Personal information
- Born: May 21, 1996 (age 30) East Brunswick, New Jersey
- Listed height: 6 ft 4 in (1.93 m)
- Listed weight: 190 lb (86 kg)

Career information
- High school: East Brunswick (East Brunswick, New Jersey)
- College: Princeton (2014–2018)
- NBA draft: 2018: undrafted
- Playing career: 2018–present

Career history
- 2018–2019: Fortitudo Agrigento
- 2019–2020: KL Dragons
- 2020–2022: Hapoel Be'er Sheva
- 2022–2023: Brose Bamberg
- 2023–2024: Anwil Włocławek
- 2024–2025: AEK Larnaca B.C.

Career highlights
- PLK Best Defender (2024); Ivy League Defensive Player of the Year (2018);

= Amir Bell =

American professional basketball player

Amir Bell (born May 21, 1996) is an American professional basketball player who last played for AEK Larnaca B.C. of the Cypriot Basketball League. He played college basketball for the Princeton Tigers. He plays the guard position.

==Early and personal life==
Bell was born in Brick City and raised in East Brunswick, New Jersey. He is 6 ft 4 in tall, and weighs 190 lb.

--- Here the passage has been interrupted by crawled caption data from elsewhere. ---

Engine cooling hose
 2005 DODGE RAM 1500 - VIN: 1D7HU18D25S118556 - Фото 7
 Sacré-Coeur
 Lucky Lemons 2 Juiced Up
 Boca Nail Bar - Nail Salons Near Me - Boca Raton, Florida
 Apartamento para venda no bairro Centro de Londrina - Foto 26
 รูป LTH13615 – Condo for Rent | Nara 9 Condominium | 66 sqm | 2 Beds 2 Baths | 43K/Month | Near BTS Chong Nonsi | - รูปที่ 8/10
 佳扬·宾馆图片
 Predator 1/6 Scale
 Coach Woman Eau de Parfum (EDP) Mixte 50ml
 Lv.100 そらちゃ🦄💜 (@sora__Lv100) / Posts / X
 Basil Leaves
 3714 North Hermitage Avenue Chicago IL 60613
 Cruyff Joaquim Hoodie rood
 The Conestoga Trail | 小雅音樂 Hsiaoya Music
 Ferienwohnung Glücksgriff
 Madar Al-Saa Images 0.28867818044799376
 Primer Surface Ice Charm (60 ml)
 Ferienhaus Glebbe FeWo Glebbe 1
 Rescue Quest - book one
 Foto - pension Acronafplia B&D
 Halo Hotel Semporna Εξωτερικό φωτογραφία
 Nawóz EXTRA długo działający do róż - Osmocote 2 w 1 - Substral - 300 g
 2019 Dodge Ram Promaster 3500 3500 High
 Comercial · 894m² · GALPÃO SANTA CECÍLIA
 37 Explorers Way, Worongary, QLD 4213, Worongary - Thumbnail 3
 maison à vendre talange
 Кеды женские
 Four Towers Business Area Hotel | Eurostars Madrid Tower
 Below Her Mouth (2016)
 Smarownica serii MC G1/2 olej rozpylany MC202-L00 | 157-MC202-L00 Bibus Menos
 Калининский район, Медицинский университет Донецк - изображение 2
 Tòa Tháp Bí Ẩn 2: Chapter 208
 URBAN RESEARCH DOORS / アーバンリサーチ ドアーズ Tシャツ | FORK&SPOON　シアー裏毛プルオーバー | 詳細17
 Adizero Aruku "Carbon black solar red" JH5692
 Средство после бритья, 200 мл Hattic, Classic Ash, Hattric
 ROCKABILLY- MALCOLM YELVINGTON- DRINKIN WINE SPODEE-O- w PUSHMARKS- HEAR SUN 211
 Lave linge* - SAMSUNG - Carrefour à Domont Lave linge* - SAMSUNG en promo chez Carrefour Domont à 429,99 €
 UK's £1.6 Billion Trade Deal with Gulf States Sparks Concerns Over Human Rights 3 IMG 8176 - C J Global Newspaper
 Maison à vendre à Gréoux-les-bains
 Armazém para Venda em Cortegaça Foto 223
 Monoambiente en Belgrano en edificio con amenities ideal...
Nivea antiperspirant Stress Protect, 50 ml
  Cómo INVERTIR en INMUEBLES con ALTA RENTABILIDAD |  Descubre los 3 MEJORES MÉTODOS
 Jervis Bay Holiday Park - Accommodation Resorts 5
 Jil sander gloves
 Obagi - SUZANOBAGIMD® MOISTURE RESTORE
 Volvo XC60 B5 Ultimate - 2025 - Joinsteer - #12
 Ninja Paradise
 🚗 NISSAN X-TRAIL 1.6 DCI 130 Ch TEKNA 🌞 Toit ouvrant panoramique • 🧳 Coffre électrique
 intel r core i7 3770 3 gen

He attended and played basketball at East Brunswick High School, where he was a three-star recruit according to ESPN.com as well as Yahoo! Sports’ Rivals.com. He was named All-Greater Middlesex Conference in 2013 and 2014.

==College career==
Bell attended Princeton University, majoring in politics and playing basketball for the Princeton Tigers. In 2014–15 he was the only player on the team to start all 30 games, and his assist-to-turnover ratio of 1.6 was seventh-best in the Ivy League. Bell averaged 8.8 points, 2.6 assists and 3.0 rebounds while shooting 49.4 percent from the floor. In 2015–16 he started all 29 team on a team that finished 22–7 and reached the NIT, averaging 9.1 points and 2.5 rebounds per game. In 2016–17 he played in all 30 games. Bell averaged 6.6 points, 2.4 rebounds, and 2.0 assists per game as a junior. In 2017–18 he started all 29 games and was named the Ivy League Defensive Player of the Year, finishing second in the league in assist-to-turnover ratio (1.5), third in steals per game (1.4), and fourth in assists per game (3.7). Bell also averaged a career-high 10.9 points and 5.4 rebounds per game as a senior. He ended his Princeton career tied for fourth in career games played (118), and sixth in career assists (313), as well as 31st in scoring with 1,043 points.

==Professional career==
In the 2018–19 season, Bell played for Italian team Moncada Agrigento in Serie A2 Basket League.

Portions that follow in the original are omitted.